The IDF staged an operational firepower display as part of its first-ever International Operational Innovation Conference at the Tze’elim Base in the northwestern Negev, where it hosted chiefs of staff and commanders from dozens of militaries around the world.

That display provided a glimpse into the IDF’s networked war machine, which foreign militaries watched closely.

Two hundred participants from 24 military delegations spent three days at Tze’elim learning about new IDF combat capabilities and operational processes, culminating in a live-fire exercise demonstrating what the IDF refers to as multi-dimensional or multi-domain coordination.

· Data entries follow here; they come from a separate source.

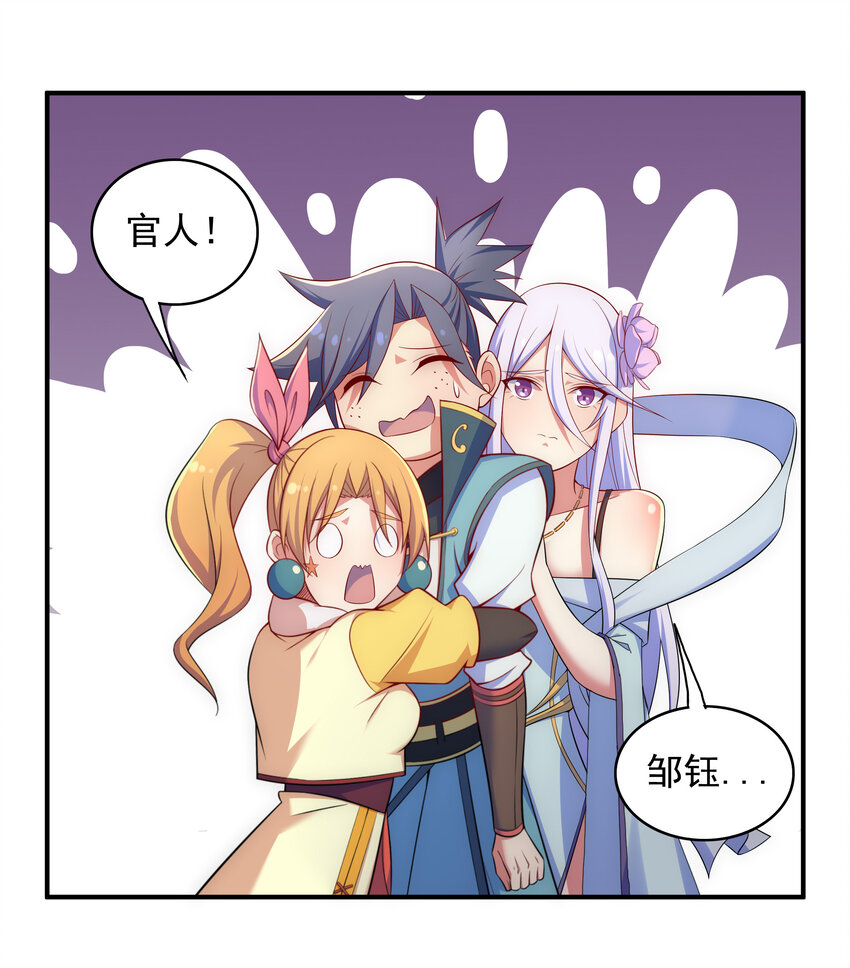 030 销魂衣4
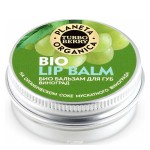 Био-бальзам для губ Turbo Berry Виноград 15 мл Planeta Organica 108076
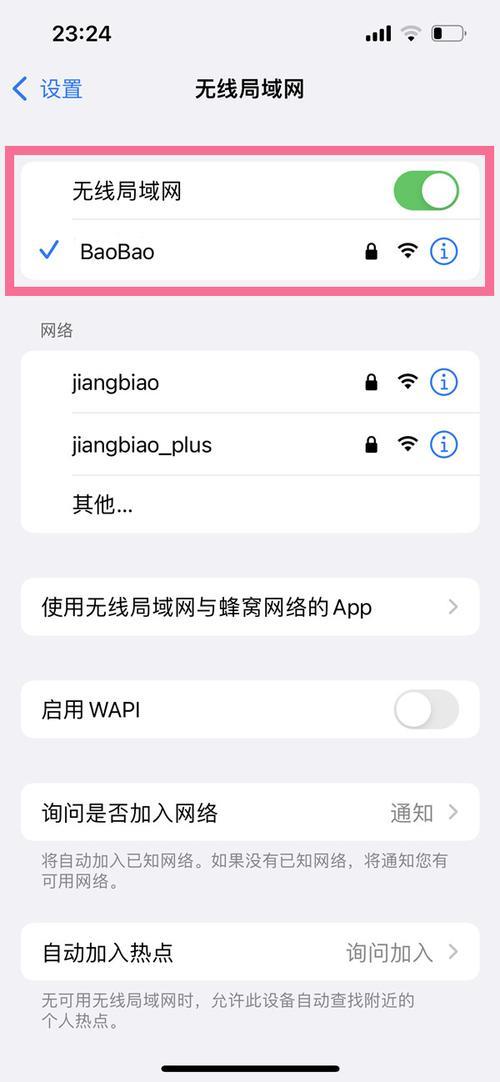 如何扫一扫连接wifi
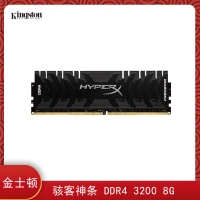 金士顿(Kingston) DDR4 3200 8GB 台式机内存 骇客神条 Fury雷电系列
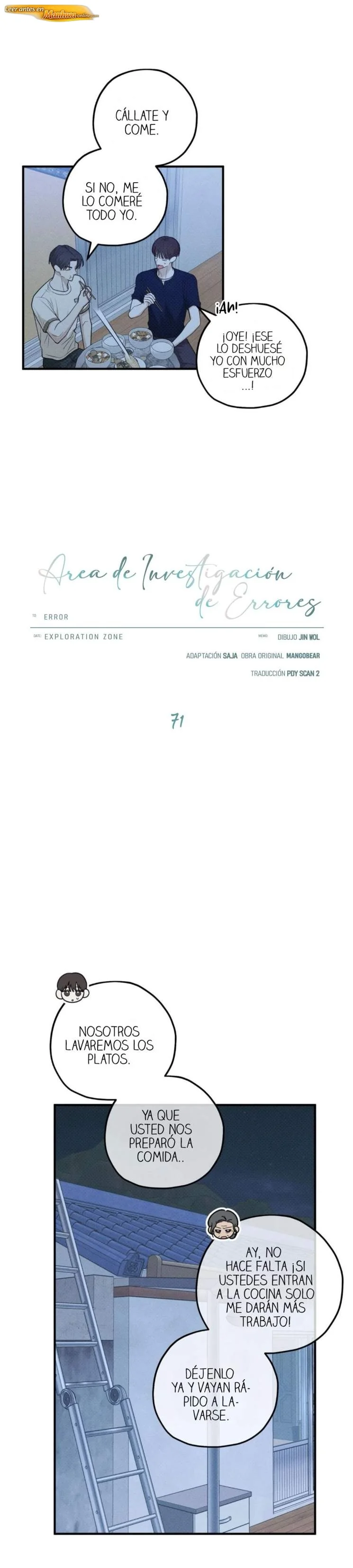 Área de investigación de errores Capítulo 71 - página 3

The goal, the visitors heard, is to give field commanders access to the full range of attack and intelligence capabilities available to the Israeli Air Force and the IDF General Staff, including relevant satellite data, aerial firepower and artillery and missile support.

Military delegations from the United States, Greece, Cyprus, Morocco, the Czech Republic, Poland, and many other countries came to learn more about this concept and how it is being implemented by the IDF.

“We are dealing with organizational learning,” Kochavi told students of a senior commanders course last year.

“The senior commander is first and foremost one who understands that there is no existing knowledge that can be ‘taken out of a hat,’ and they have the responsibility for developing their knowledge and that of their units. In areas such as the Golan Heights, Lebanon, Judea and Samaria and the Gaza Strip there will always be a unique reality that requires a unique response. The development of combat methods against a changing enemy requires adjustments that will create relevance for victory. All these explain why all-encompassing knowledge for different sectors and challenges simply does not exist,” he said.

He also hailed what he described as “the courage to look yourself in the mirror and say harsh things to yourself. Not only to voice them to yourself, but to practice generalship and recruit your comrades and openly tell them the same things—in a loud voice, to the entire group and the entire organization. In the workshop regarding the current operational concept, we placed ourselves in front of the mirror and said, in a clear voice, things that for years had never been said outside meeting rooms: there is a gap between the reality and the response.”

The baton has now been passed on Halevi, and how he will shape the IDF’s in the coming years will have a critical effect on Israel’s future security.